The part about context discipline feels underrated. Larger context windows don’t remove the need to decide what the model shouldn’t see.
I think for mostly search-focused use case like the one presented here AI is great as you don't ask it to build stuff or invent new drugs, you just want to retrieve relevant documents with laser precision, and agents can do that.
I think right now I'm mostly disappointed with agents writing code as they always degrade the quality of the codebase after a while, and the same goes for writing in general which just requires a ton of editing and mostly just sounds good but doesn't have a lot of substance in the end. I think you can really tell that these systems are trained to just produce plausible streams of text, especially in longer artefacts you notice that locally the inner consistency of what they produce is great but globally it really falls apart, it's like seeing the limits of their "intelligence".
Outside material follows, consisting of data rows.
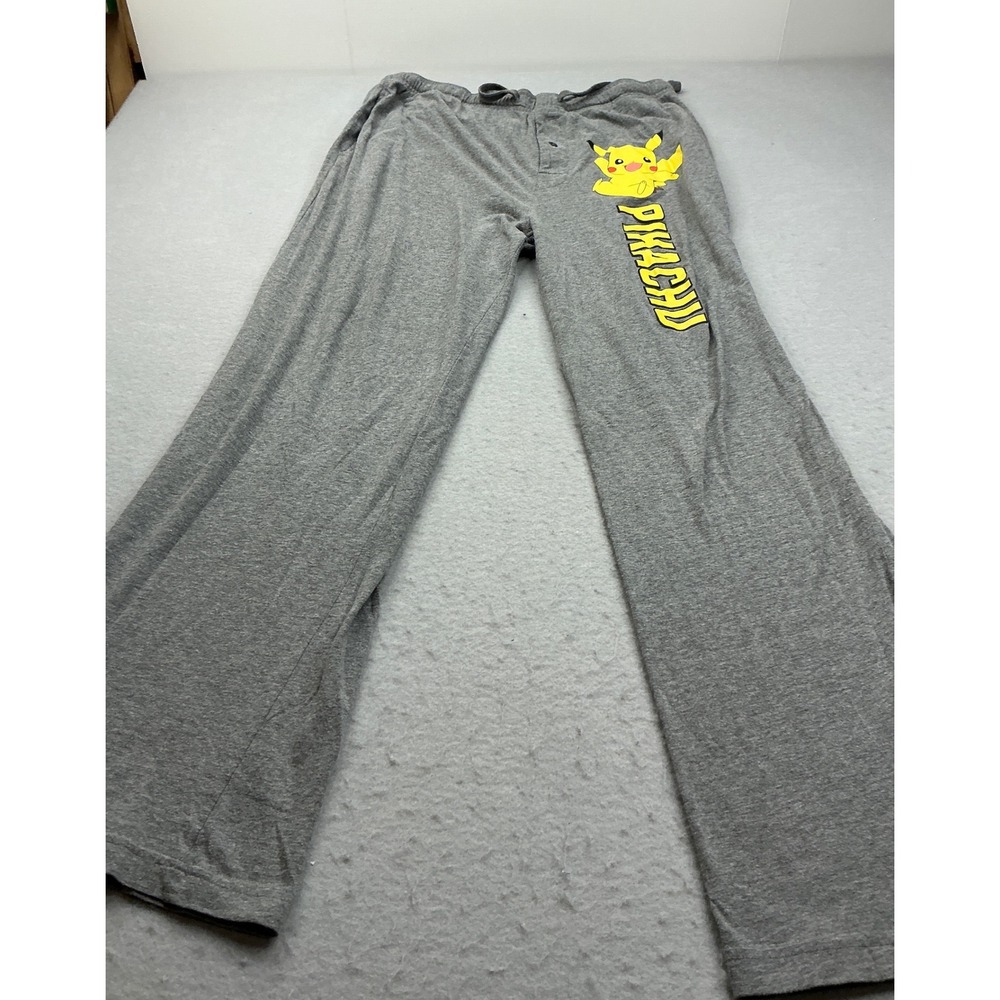 Pokemon Pikachu Lounge Pants Gray Graphic Sleep Pajamas Mens XL Casual Sleepwear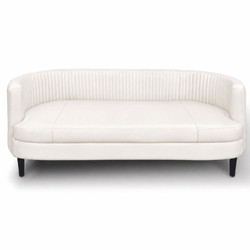 Casa Padrino sofá de piel de lujo blanco / negro 180 cm - Muebles de salón de cuero genuino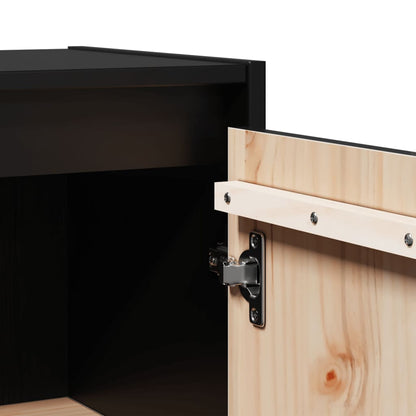 Veggskap Svart 2 stk 30x30x60 cm heltre furu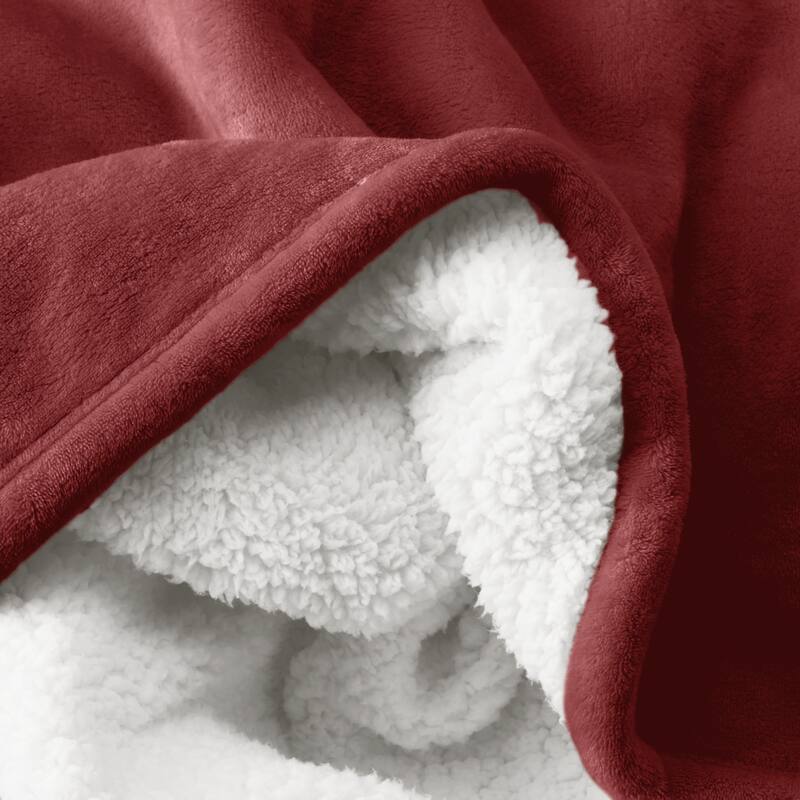 Bare Home Sherpa Fleece Blanket - Reversible Plush Bed Blanket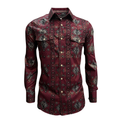 MONTERO Men's Casual Shirt Long Sleeve, Burgundy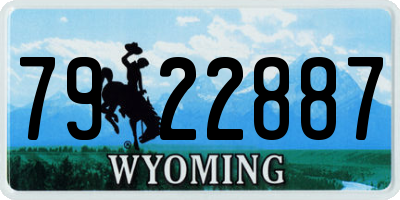 WY license plate 7922887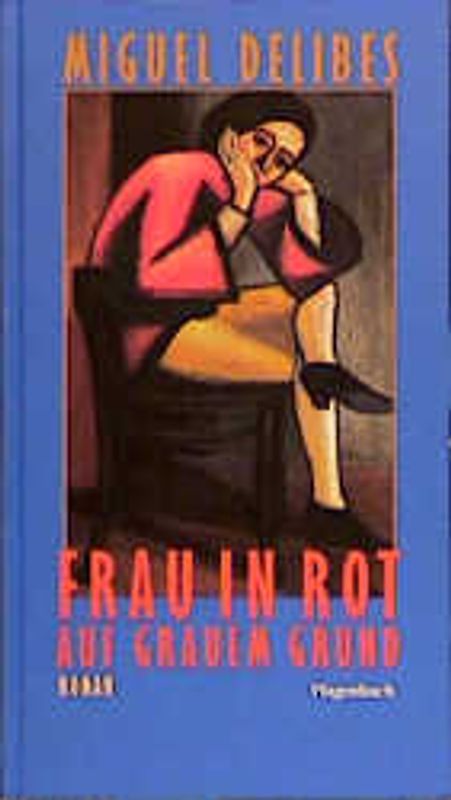 Frau in Rot auf grauem Grund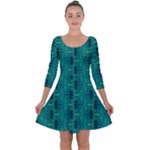 Peacock #4 Quarter Sleeve Skater Dress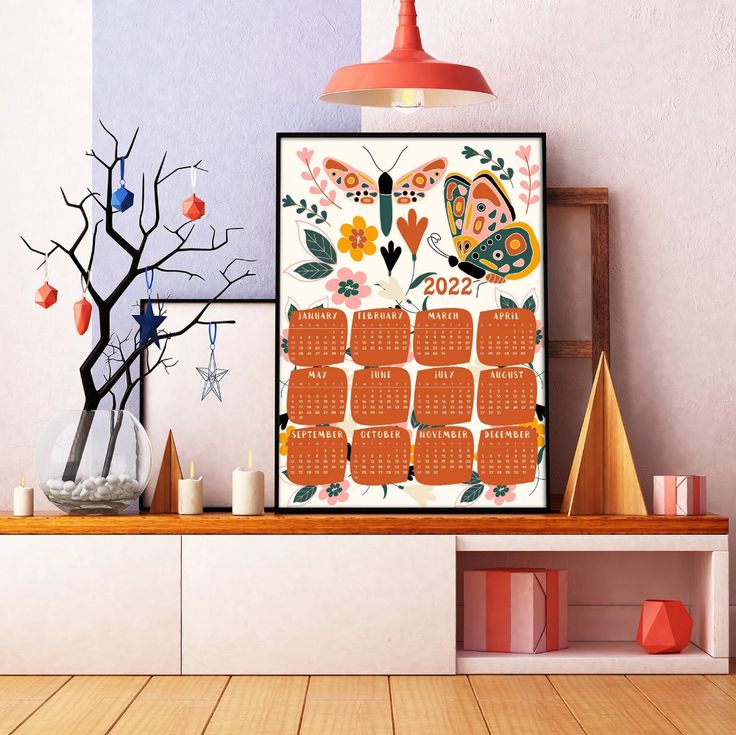 2022 Poster Calendar Butterfly and Moth Wall Calendar 8x10 | Etsy in 2021 | Wall calendar, Media wall, Home decor wall art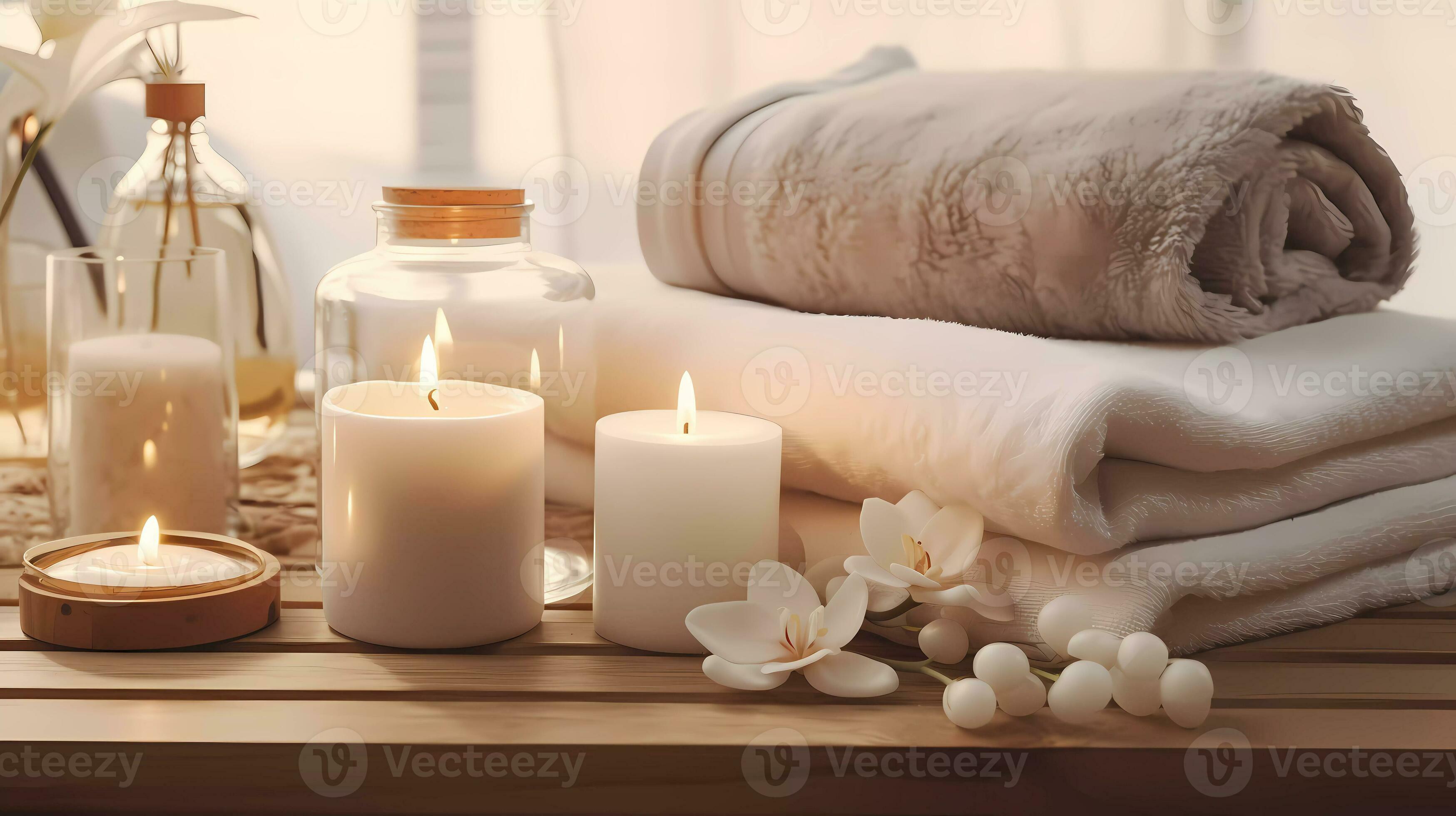 Spa accessory composition set in day spa hotel, beauty wellness centre. Spa  product are placed in luxury spa resort room, ready for massage therapy  from professional service. 27808320 Stock Photo at Vecteezy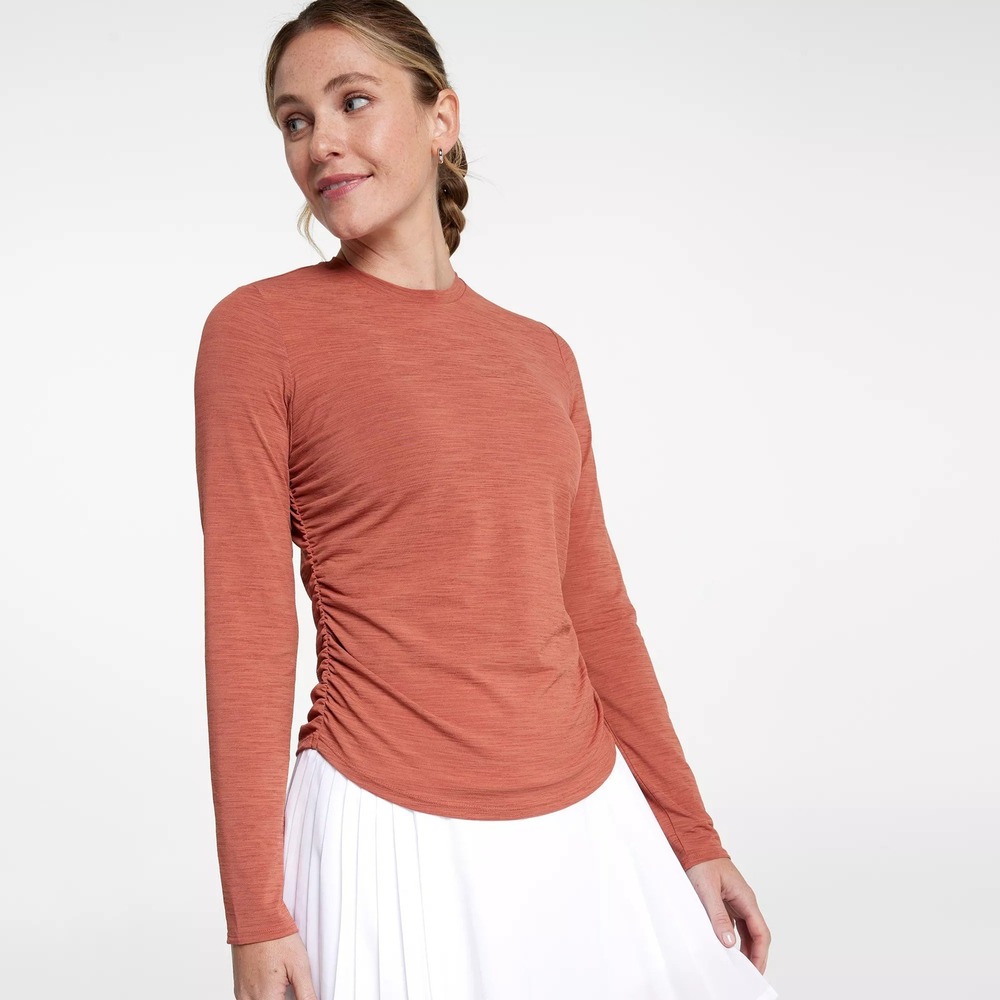 CALIA Women's Tissue Texture Long Sleeve Golf Crew Dark Orange Size XS (0093)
For search however I really like AI, it has improved information retrieval so much for me where before I had to think about which keywords to use and combine and which filters to apply, describing what I'm looking for in plain text and then having the AI find it for me feels magical. Recently I wanted to find an artist that I heard in some old episode of the KEXP runcast (a running podcast), and I didn't remember anything except that it was rap with a kind of monotone voice a fast beat and a strong accent. Googles' agent asked a few clarifying questions and after a few rounds it found the artist for me, Genesis Uwusu. That's why I think Google will win in the AI assisted search market, they just have the best integration between fast and reasonably "smart" agents and high quality search data. Claude or ChatGPT are too slow and don't have fast enough data retrieval it seems, using them for search feels quite sluggish in comparison.
> The author used AI assistance during the writing of this article. AI tools were used for brainstorming ideas, creating outlines, and reviewing drafts to polish language and improve clarity.
The first sentence makes it seem like they just used to improve sentence structure etc but the second line makes it seem like they used it for 90% of the work. Which one is true?
> Sarang Kulkarni is a Principal Consultant at Thoughtworks
> teaches an O’Reilly course on building production-ready RAG applications
isn't this basically saying that you are a scammer? or am I paranoid?
The funniest part of these systems is that I build these massive prompt concatenating controllers with a schema to constrain what the LLM sees and parses, usually a frontier model like Gemini
The model gets it wrong on occasion and I check the input file with Claude/Opus and it just laughs at how simple it is to get the document right
And in the back of my mind I’m thinking why am I not just sending the file through Opus
These vast multi-agentic systems with roles like 'Researcher', 'Writer' (with a review loop), 'Reflection agent', seem to ~feel~ mostly right but lack evals as to the merit of agent decomposition. So it forms a satisfying enough flowchart but I see no evidence these authors actually tried other approaches or agent roles. And let's be honest: an agent is just a system prompt and output contracts, and these rich architectures seem to be pontificating beyond their worth. It all feels a bit vibe-y.
You cannot
Why is comment from padolsey dead? Seriously, something fishy is going on on this website.